Azure Speech AI Speech Recognition Text-to-Speech

Introduction

Azure AI Speech services continue to advance with significant improvements in accuracy, language support, and real-time capabilities. This post explores the latest features and demonstrates how to leverage them in your applications.

Speech-to-Text Enhancements

Basic Speech Recognition

import os
import azure.cognitiveservices.speech as speechsdk

class SpeechRecognizer:
    def __init__(self):
        self.speech_config = speechsdk.SpeechConfig(
            subscription=os.getenv("AZURE_SPEECH_KEY"),
            region=os.getenv("AZURE_SPEECH_REGION")
        )
        # Set recognition language
        self.speech_config.speech_recognition_language = "en-US"

    def recognize_from_microphone(self) -> str:
        """Recognize speech from microphone"""
        audio_config = speechsdk.AudioConfig(use_default_microphone=True)
        recognizer = speechsdk.SpeechRecognizer(
            speech_config=self.speech_config,
            audio_config=audio_config
        )

        result = recognizer.recognize_once()

        if result.reason == speechsdk.ResultReason.RecognizedSpeech:
            return result.text
        elif result.reason == speechsdk.ResultReason.NoMatch:
            return "No speech could be recognized"
        elif result.reason == speechsdk.ResultReason.Canceled:
            cancellation = result.cancellation_details
            return f"Recognition canceled: {cancellation.reason}"

    def recognize_from_file(self, audio_file: str) -> str:
        """Recognize speech from audio file"""
        audio_config = speechsdk.AudioConfig(filename=audio_file)
        recognizer = speechsdk.SpeechRecognizer(
            speech_config=self.speech_config,
            audio_config=audio_config
        )

        result = recognizer.recognize_once()

        if result.reason == speechsdk.ResultReason.RecognizedSpeech:
            return result.text
        else:
            return f"Recognition failed: {result.reason}"

    def recognize_continuous(self, audio_file: str, callback=None) -> list:
        """Continuous recognition for longer audio"""
        audio_config = speechsdk.AudioConfig(filename=audio_file)
        recognizer = speechsdk.SpeechRecognizer(
            speech_config=self.speech_config,
            audio_config=audio_config
        )

        results = []
        done = False

        def handle_result(evt):
            if evt.result.reason == speechsdk.ResultReason.RecognizedSpeech:
                results.append({
                    "text": evt.result.text,
                    "offset": evt.result.offset,
                    "duration": evt.result.duration
                })
                if callback:
                    callback(evt.result.text)

        def stop_cb(evt):
            nonlocal done
            done = True

        recognizer.recognized.connect(handle_result)
        recognizer.session_stopped.connect(stop_cb)
        recognizer.canceled.connect(stop_cb)

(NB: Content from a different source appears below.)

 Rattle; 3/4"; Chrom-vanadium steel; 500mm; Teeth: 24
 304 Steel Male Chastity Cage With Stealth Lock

        recognizer.start_continuous_recognition()
        while not done:
            pass
        recognizer.stop_continuous_recognition()

        return results

# Usage
recognizer = SpeechRecognizer()

# From file
text = recognizer.recognize_from_file("audio.wav")
print(f"Recognized: {text}")

# Continuous recognition
def on_recognized(text):
    print(f">> {text}")

results = recognizer.recognize_continuous("long_audio.wav", callback=on_recognized)

Advanced Recognition with Phrase Lists

class EnhancedRecognizer:
    def __init__(self):
        self.speech_config = speechsdk.SpeechConfig(
            subscription=os.getenv("AZURE_SPEECH_KEY"),
            region=os.getenv("AZURE_SPEECH_REGION")
        )

    def recognize_with_phrases(
        self,
        audio_file: str,
        phrases: list,
        boost: float = 1.0
    ) -> str:
        """Recognize with phrase hints for better accuracy"""
        audio_config = speechsdk.AudioConfig(filename=audio_file)
        recognizer = speechsdk.SpeechRecognizer(
            speech_config=self.speech_config,
            audio_config=audio_config
        )

        # Add phrase list for better recognition
        phrase_list = speechsdk.PhraseListGrammar.from_recognizer(recognizer)
        for phrase in phrases:
            phrase_list.addPhrase(phrase)

        result = recognizer.recognize_once()
        return result.text if result.reason == speechsdk.ResultReason.RecognizedSpeech else ""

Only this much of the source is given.